# PLanting crypts



## lnstevens (Aug 9, 2010)

When planting crypts do you have to keep the rhizome above the substrate like Anubias? Also, can you cut the root?


----------



## Darkblade48 (Jan 4, 2008)

_Cryptocoryne_ species do not have rhizomes.

Are you referring to the crown? If so, then yes, they should be kept just at substrate level.

Also, yes, you can cut the roots.


----------



## lnstevens (Aug 9, 2010)

Okay, it looks kind of like a rhizome so i suspect we are talking about the same thing.


----------



## chuukus (Jun 17, 2008)

Cryptocoryne do have a rhizome just to clear things up. see here http://www.xs4all.nl/~crypts/Cryptocoryne/Botanical/botanic.html This is a good place to start if your interested in crypts.
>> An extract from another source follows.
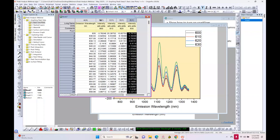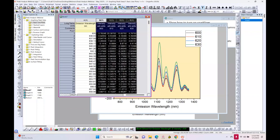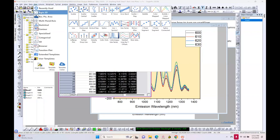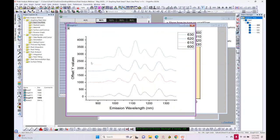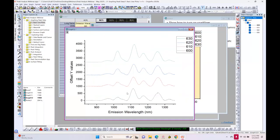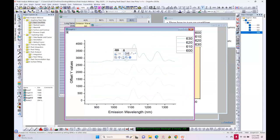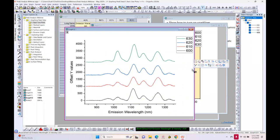Let's go back and see other plot types. Select all four columns and under basic 2D, I'll use the template called stacked lines by Y offset. It's the same data, but each curve has been given an offset so rather than overlapping, you have a better view of your data separated in Y by arbitrary offsets. Depending on your context, you can choose different templates.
Scrool down and click on where is says structures this will show you all parts of the cryptocoryne plant.


----------



## james0816 (Jun 26, 2008)

Best way to do it is gently push it down in the substrate where you want (dig out a hole if you want), fill over with substrate and then gently raise it up to where the base is just at the top of the substrate.


----------



## Darkblade48 (Jan 4, 2008)

Intriguing, I didn't know that was also referred to as a rhizome! You learn something new everyday.


----------